Finalmente, si la Biblia y/o el crucifijo formaran parte de la identidad de la ALP u otro órgano del Estado, en su bandera, emblema, himno o lema, como lo hizo el gobierno saliente al imponer la cruz chakana como marca del Estado, que es un símbolo de la cosmovisión y religiosidad andinas, con la agravante de sustituir al escudo nacional, entonces sí estaríamos hablando de un Estado adscrito a una religión, por constituir ese hecho un carácter integrador entre sus miembros.

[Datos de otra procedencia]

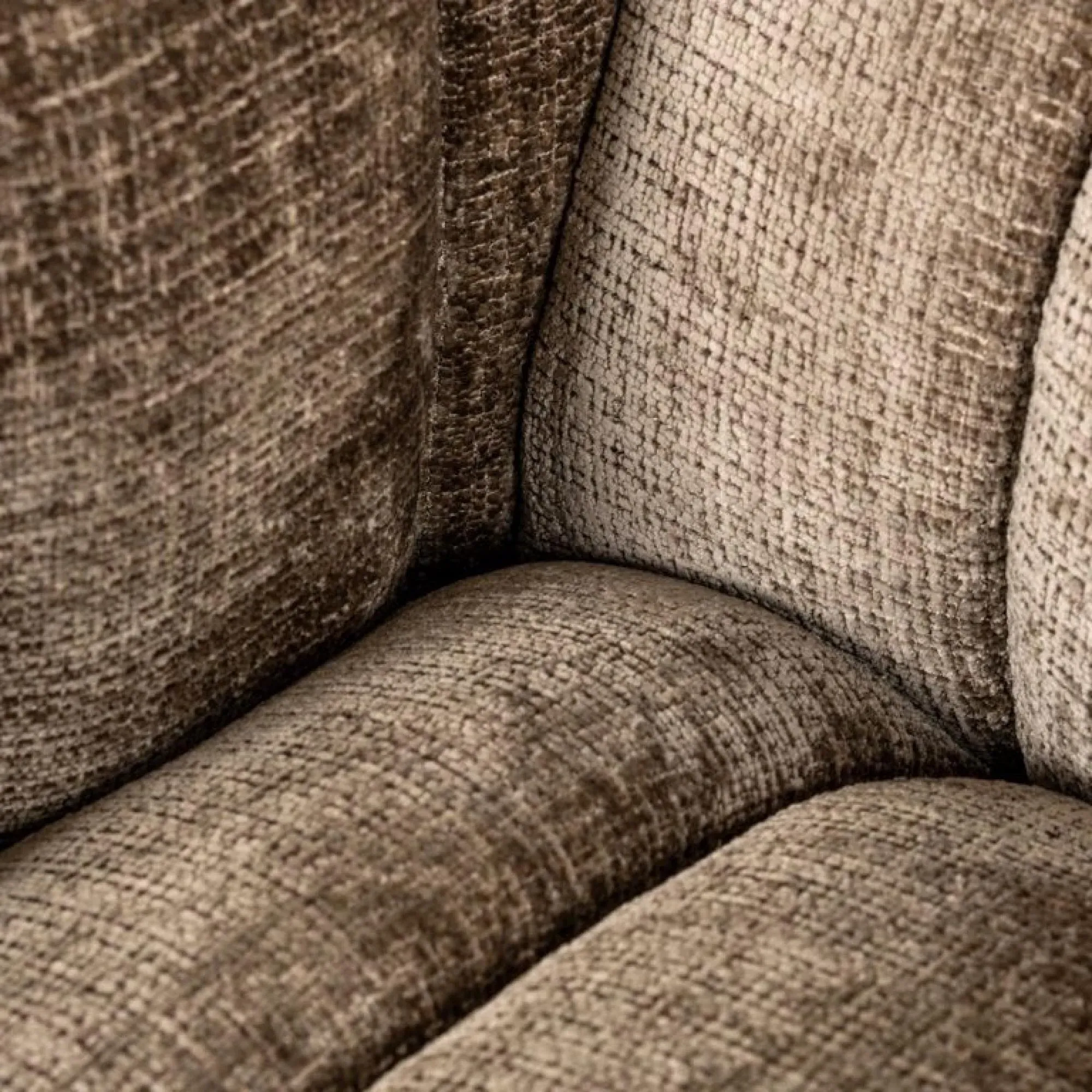 Beaudy 3-Seater Sofa with Black Legs - Stone, Chenille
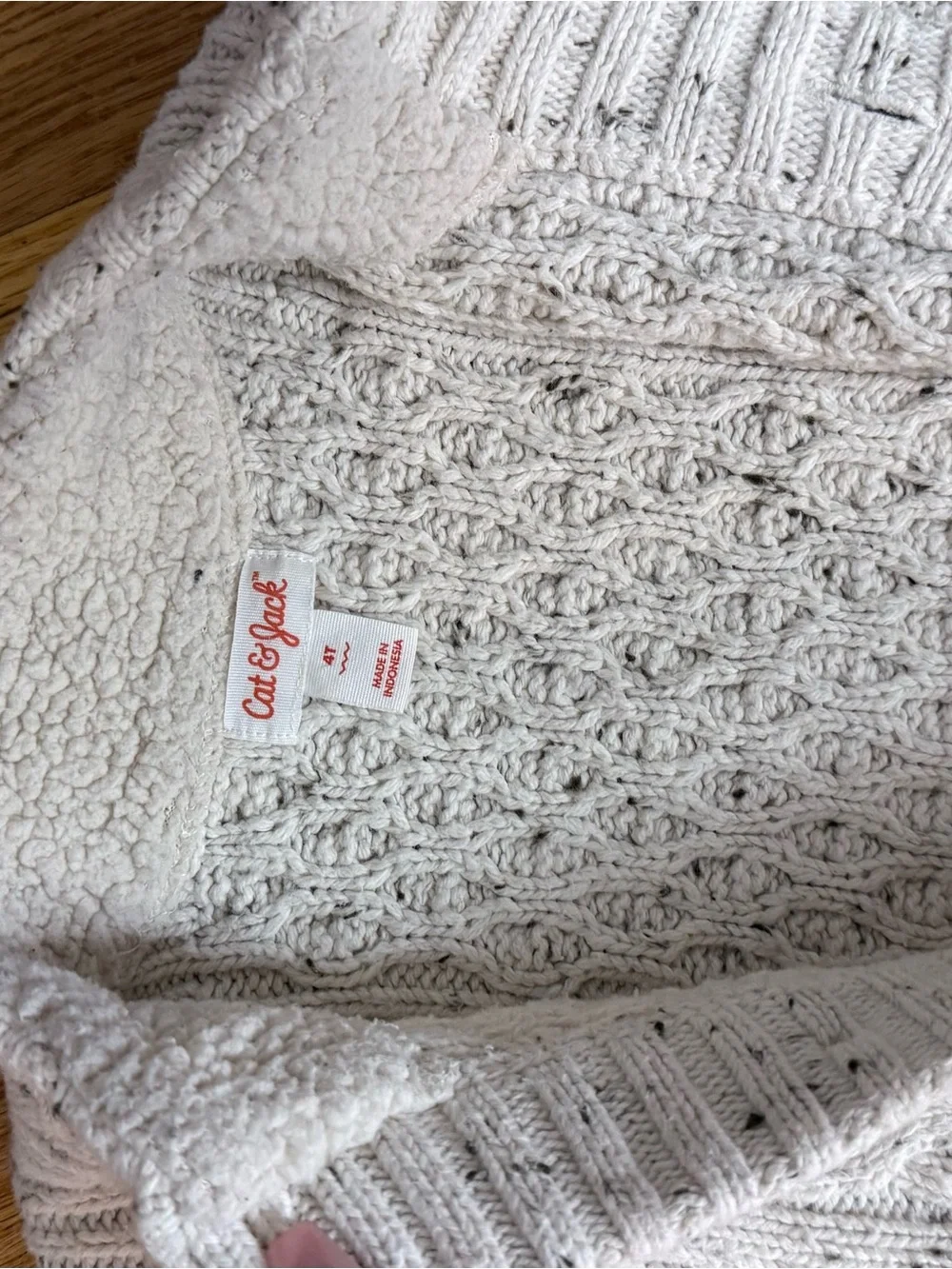 Chunky Cable Knit Button-Front Sweater - Cream kids FOR BOYS 4T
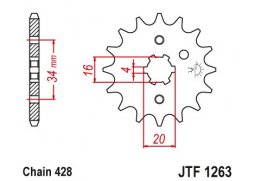 JT JTF1263.15 Přední kolečko (pastorek), 15 zubů, 428 YAMAHA DT 125 LC 84-87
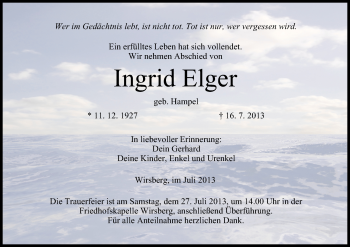 Anzeige von Ingrid Elger von MGO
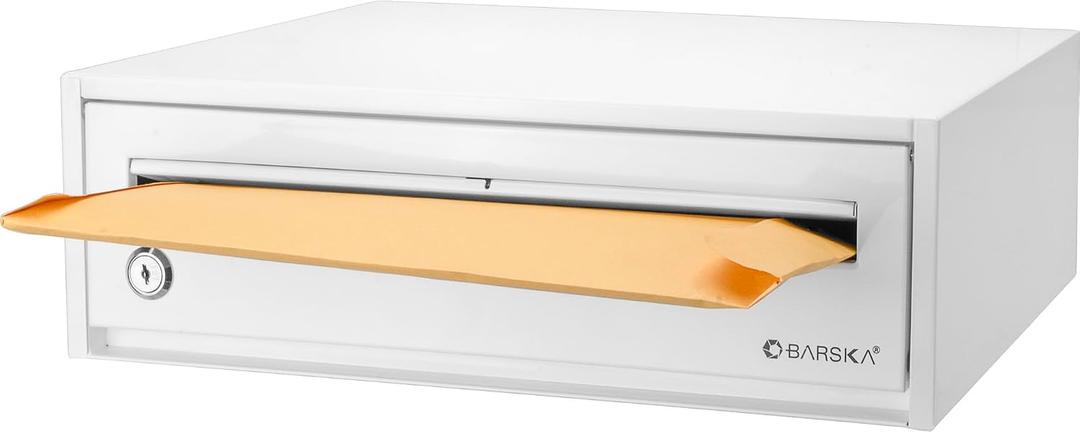 Barska CB13118 Key Lock Multi-Purpose Desktop Envelopes Cash Documents Suggestions Drop Box Organizer White 15.75" x 11" x 4.87"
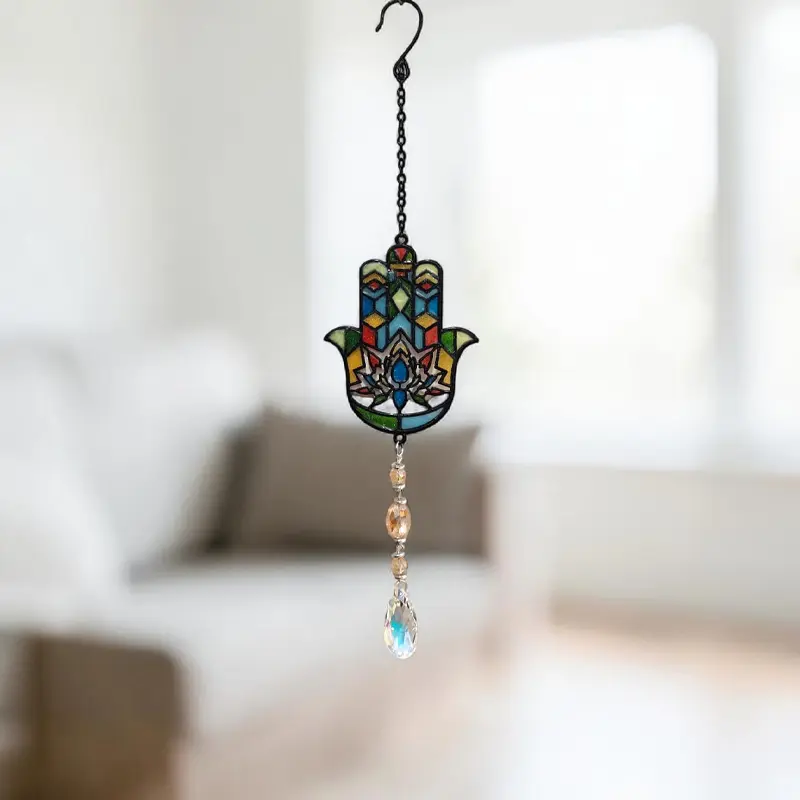 Movil Metal Colgante Mano de Fatima con Atrapasol 38cm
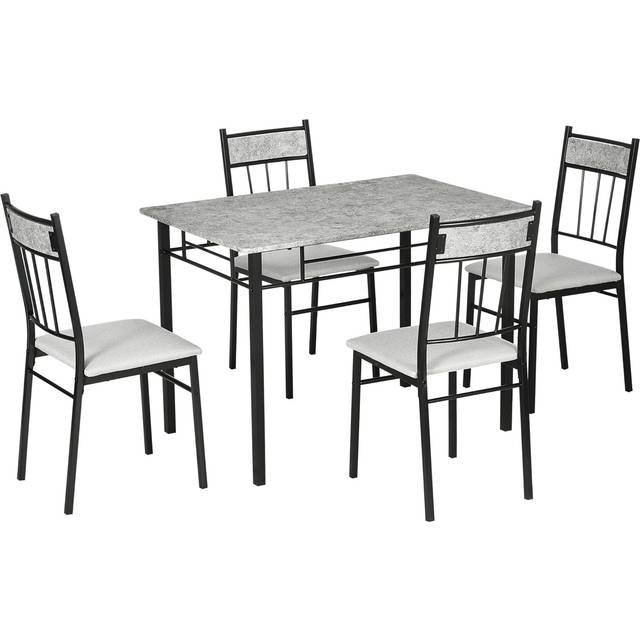 HOMCOM 5 Pieces Dining Room Sets - Kitchen Table and Chairs Set 4 with Marble Top | TJ Hughes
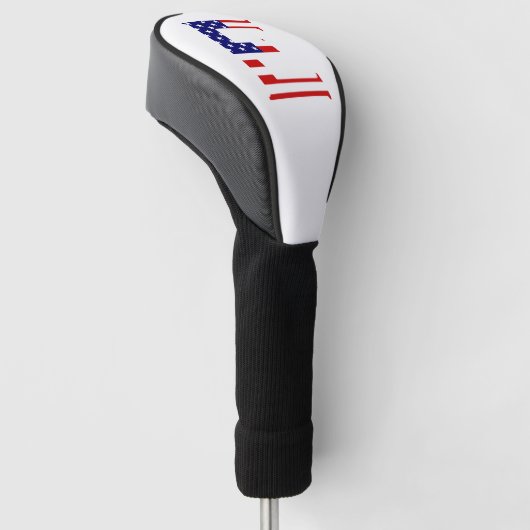 E Monogram overlay op USA Flag dcnt Golfheadcover (Schuin)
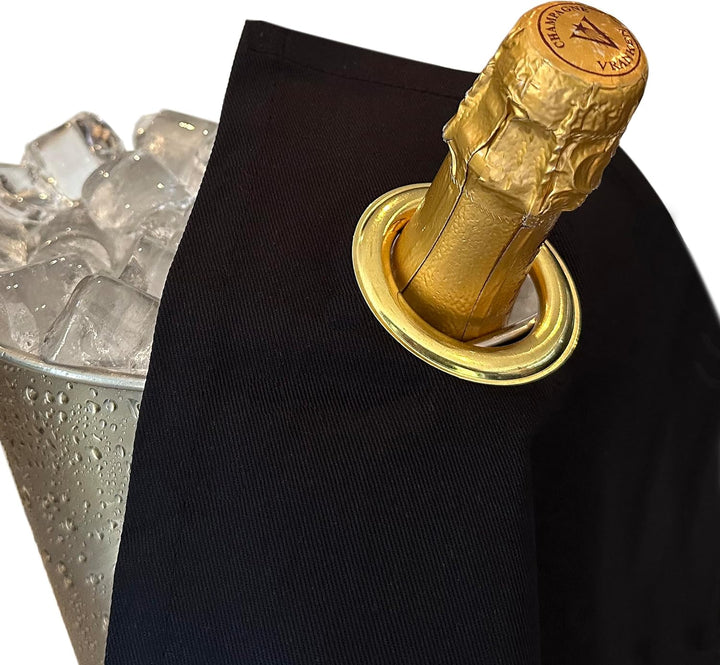 Classic Collection, Flaschentuch mit Metallring für Eiskübel, Baumwolle, 42 cm, Eckloch (Schwarz mit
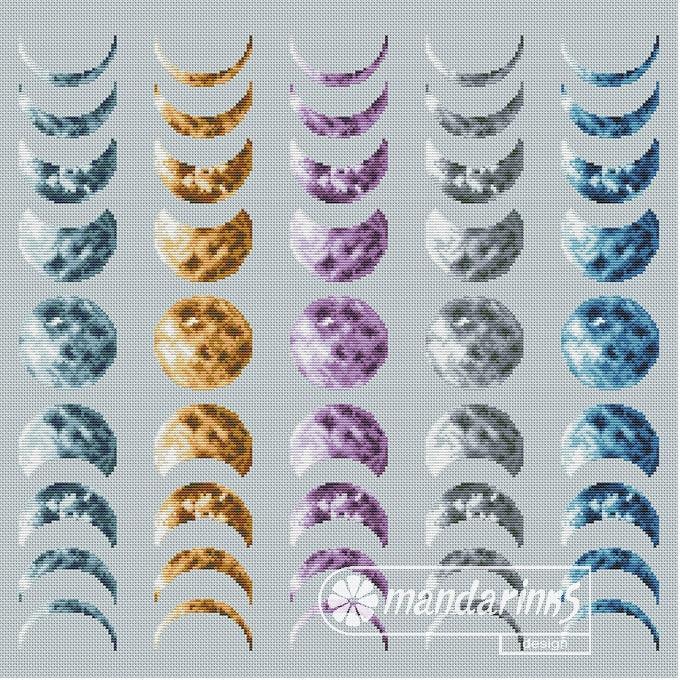Lunar Phases - Free PDF Cross Stitch Pattern - Wizardi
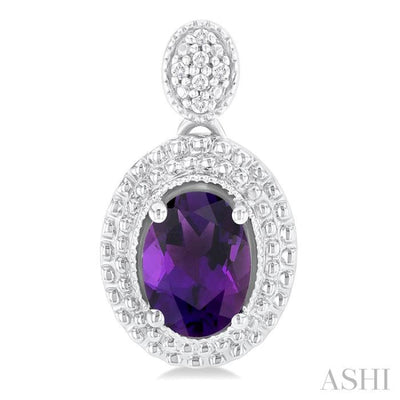 1/20 ctw Oval Cut 7X5 MM Amethyst and Round Cut Diamond Semi Precious Earring in Sterling Silver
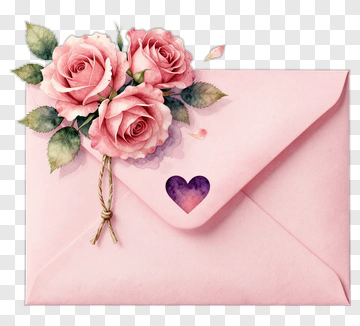 Pink Envelope With Roses PNG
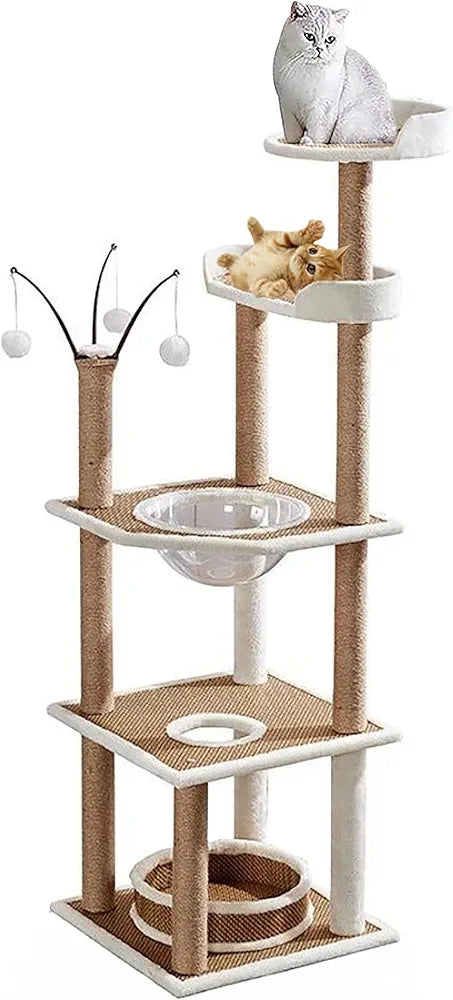 Miss Tiara Cat Tree for Indoor Cats Cat Tree House Tower Sisal Rope Scratching Post Pet Climber Scratcher with Hanging Toy for Adult Cat Kitten Indoor Play Sleeping 164cm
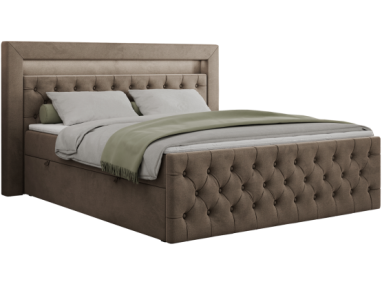 Łóżko kontynentalne GOLD 9 140x200 - H3 - brązowy, welwet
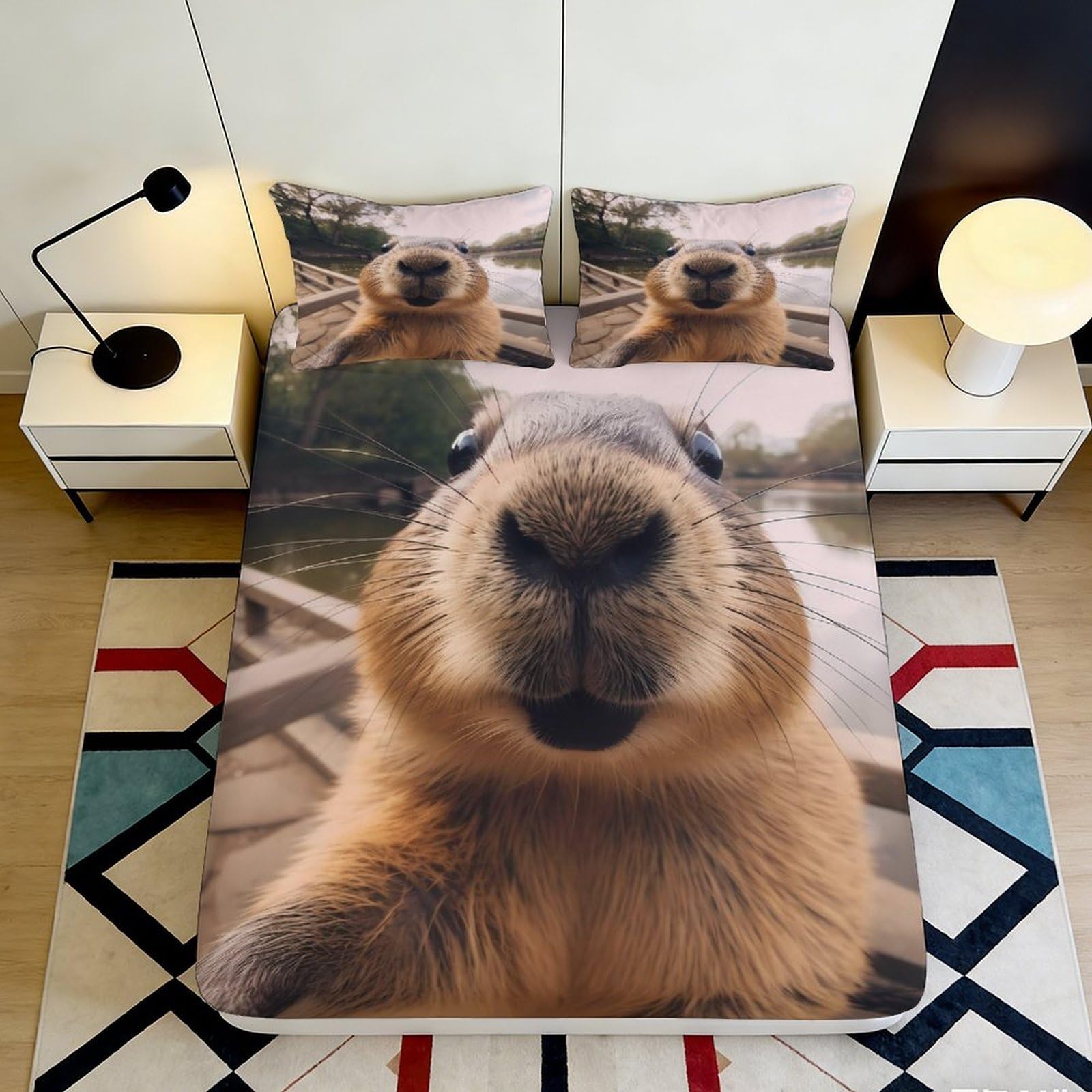3D Printed Capybara Selfie Fitted Sheet Microfiber Cartoon Animal Mattress Cover for Bedroom Guest Room Easy Care 90x200x25cm
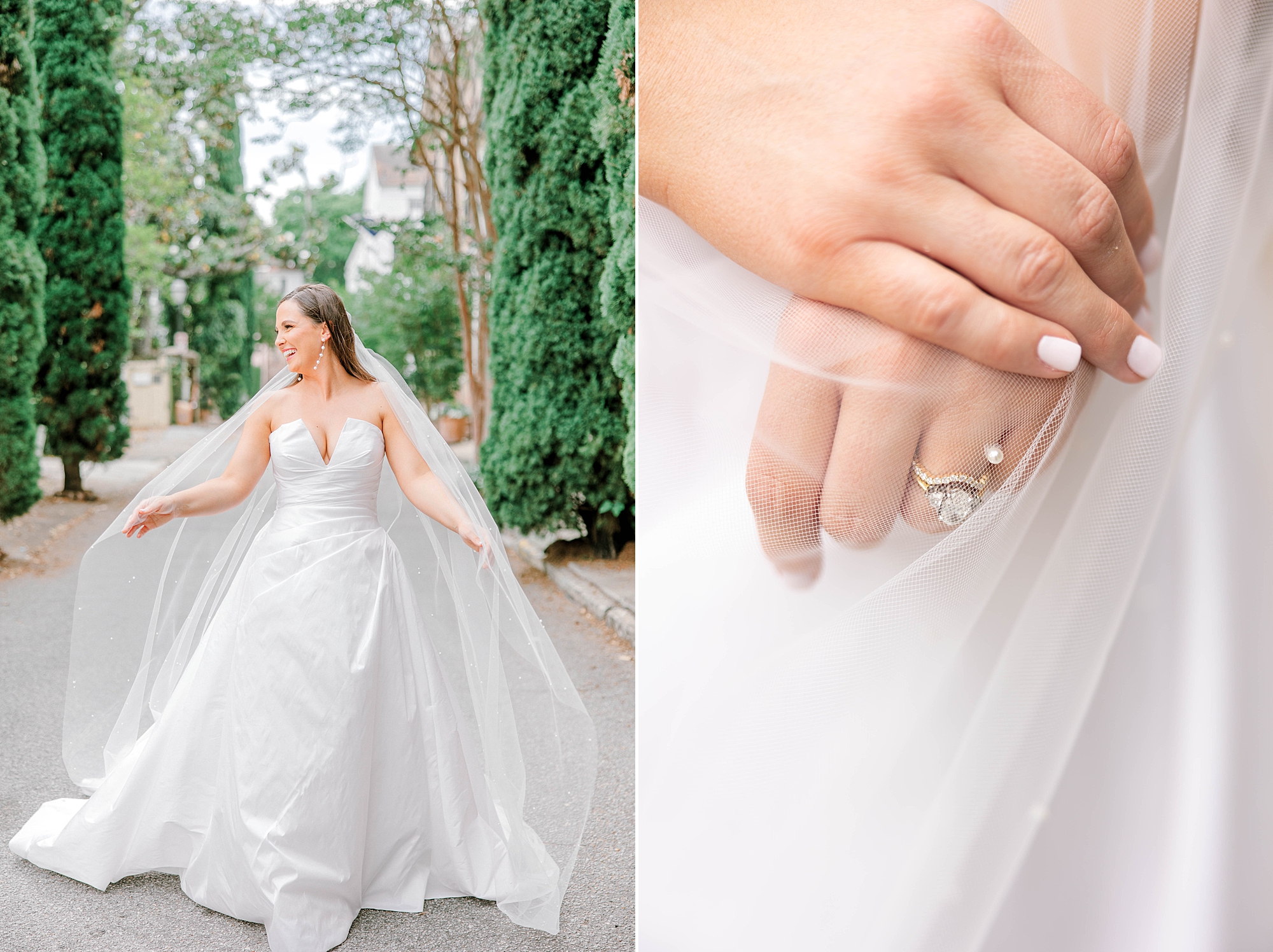 bride in strapless wedding gown twirls with veil around her on street in Charleston SC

Hasta hace unos días, el Órgano Ejecutivo principalmente, y desde hace 20 años, estaba dominado por ceremonias religiosas paganas; ¿alguien denunció como conducta inconstitucional? Aunque, en ese caso, sí podría considerarse una violación legal, porque todo servidor público estaba obligado a participar de ritos que espiritualmente para ellos nada significaban. La Biblia y el crucifijo son de veneración individual y no de identidad institucional y tienen que ver con la historia y cultura nacionales. Por último, la legalidad o ilegalidad de jurar ante ellos, corresponde determinar a una autoridad jurisdiccional competente y no al arbitrio de quienes, por intereses políticos o religiosos, puedan expresar acuerdo o discrepancias.